You see, I had moved back home once before after a brief stint up at an art university in Portland that was way out of my price range. I had, to an extent, felt then that something just wasn't quite the same, but I didn't really understand it. Last January though, it didn't take long to come to terms with what was wrong. I didn't fit anymore. There wasn't really a place there for me. Not because they said so, but because I felt out of place.

I had grown, as a person. I had changed and the life that came with living there wasn't suited to me anymore. Being home just wasn't the same. I didn't know where the mixer was. Someone always had their music up too loud. Chores? Don't even get me started on that. More than that though, how I saw home wasn't the same. Let's just say in all my reminiscing I had used a pretty thick set of rose colored glasses. What I thought of as home wasn't the same. I didn't KNOW what home was anymore. It wasn't what I thought, what I remembered.

This wasn't home. I was lost. I didn't know what to do. I wasn't home.

In coming abroad and living in Japan, I had experienced so much. I had laughed, I had cried (like, a lot), I had pushed my limits and I had changed as a person. But, when I packed up to go home, I had forgotten something very important. My heart.

The reason home didn't feel like home anymore is because my heart wasn't there. Being there, in Oregon, in my hometown was boring, uninteresting. I was unhappy. Everything was both exactly the same and yet different in just such a way that I was out of place. It was like I was just a fraction of a second out of time with everyone and everything. It wasn't the place I longed for. It wasn't home.

As much as I want to explain this concept, home is where the heart is, it is difficult. As I see it now, home is not the place where you grew up (okay, maybe for some people it is), but it is the place that makes you happy. It is where, even on the worst days imaginable you can come home at the end of the day and know tomorrow will be okay. It is where you are happy, where you feel like you belong.

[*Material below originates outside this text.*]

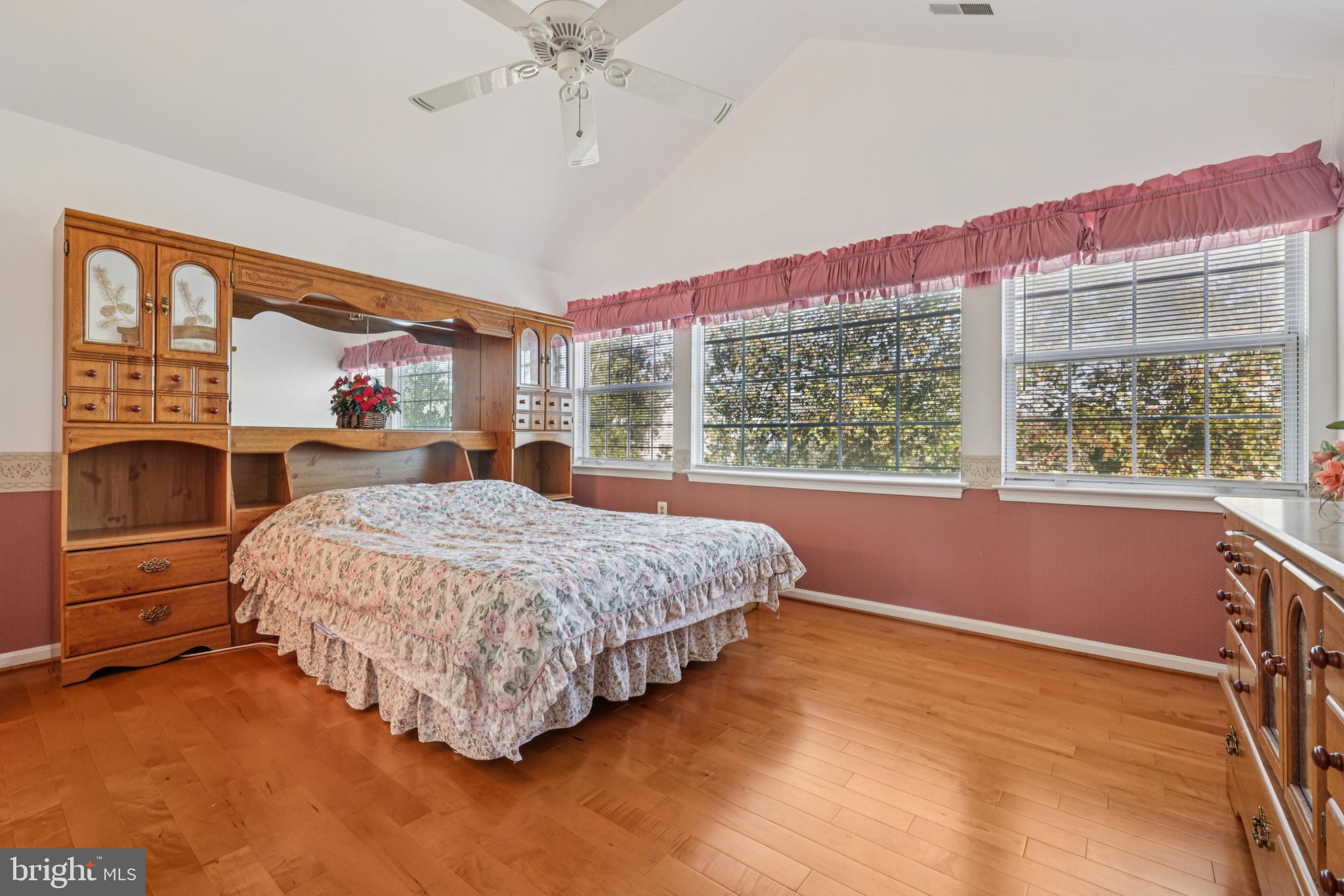 MONTGOMERY RUN - Residential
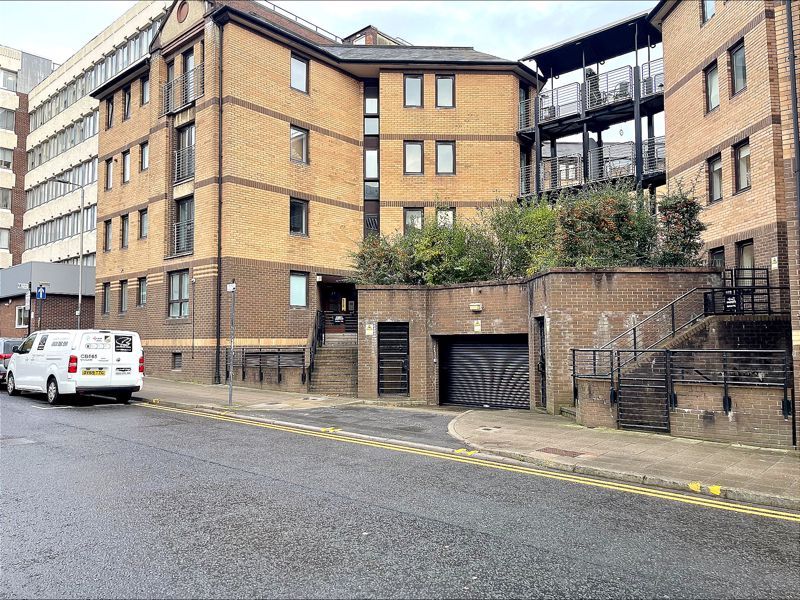 1 bed flat for sale in Brown Street, Glasgow G2, £125,000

For some people that might be where you grew up, and that's fine, for other people it is being with a certain person or group of people, but for me, it is a place. Not so specific as to a single town (though I have my preference), but a whole country. I feel like as long as I am in Japan, that I will be okay. That I can succeed and that in the end, this is the best place for me because I am content every day of my life here.

Yes, there are homesick days, and sick days and days you just want to cry for no reason (or because they don't sell Butterfingers at the supermarket), but the good days and the good things outweigh the bad immensely. I have found, the longer I'm here, the less I miss back home. When I do miss something, it's usually being able to spend time with a person (or pizza, or Butterfingers, but we'll get to that later).

It's not that I dislike Oregon, I LOVE Oregon, but my heart has found a new home wedged here between the gazillion hidden shrines, the culture, the food and the people. I simply can't imagine moving back to Oregon or the U.S. That would mean giving up who I am and becoming only half of a person again. I love my family. I miss them a lot. But, they support me because this is where I am whole. Where I am one hundred percent my best and they want me to succeed.

So I'm going to go ahead and wrap up this whole long ramble by telling you that home is so much more than just a place or being with the right person. It is what makes you whole, no matter what life throws your way. Go out and find it.